== Data to use ==
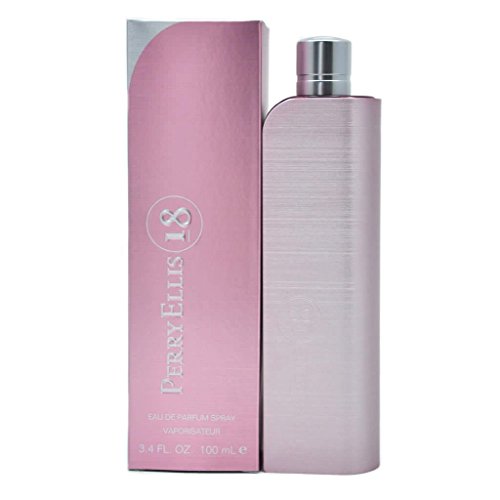 Perry Ellis 18 For Women for Women Eau De Parfume Spray, 3.4 Fl Oz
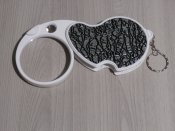 Лупа кишенькова складна Magnifier з підсвічуванням 6901C Збільшеня 4 та 20 крат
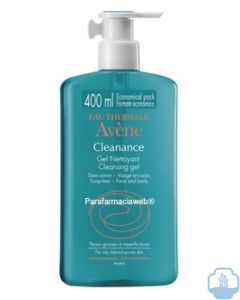 Avene cleanance gel limpiador promocion 400ml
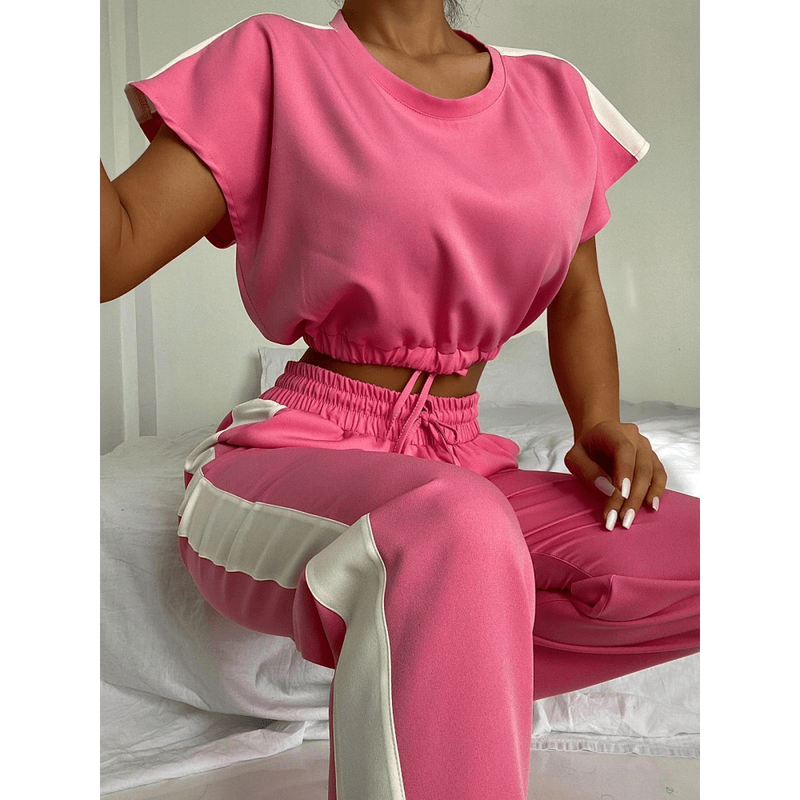 Stripe set pink-null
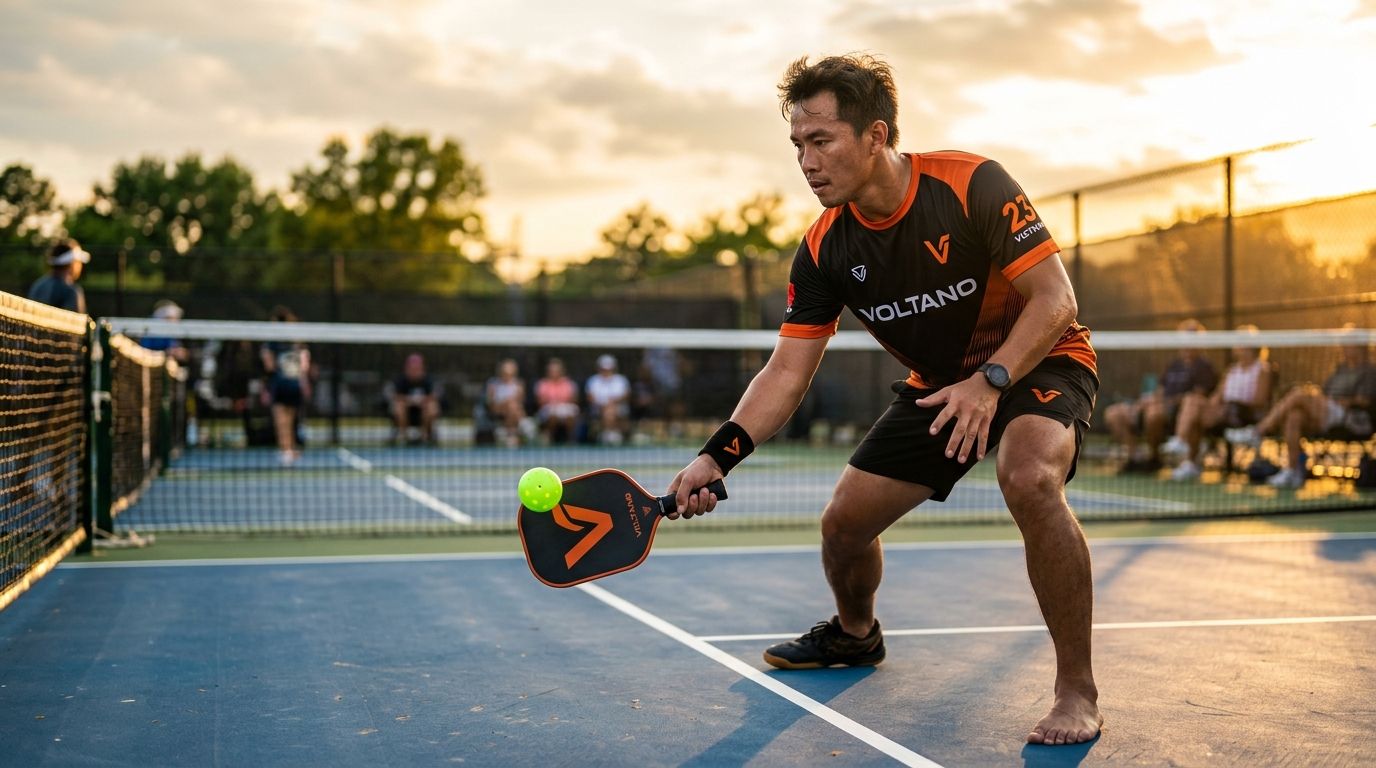 Tại sao kỹ thuật dink từ vị trí kitchen cần vợt có sweet spot rộng hơn smash?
===
No picture is to be included when the lines from the one containing "Лупа кишенькова складна" through the end of the material above are output exactly; nothing else is written.

◆ Your response
 Лупа кишенькова складна Magnifier з підсвічуванням 6901C Збільшеня 4 та 20 крат
 Avene cleanance gel limpiador promocion 400ml
 Stripe set pink-null
 Tại sao kỹ thuật dink từ vị trí kitchen cần vợt có sweet spot rộng hơn smash?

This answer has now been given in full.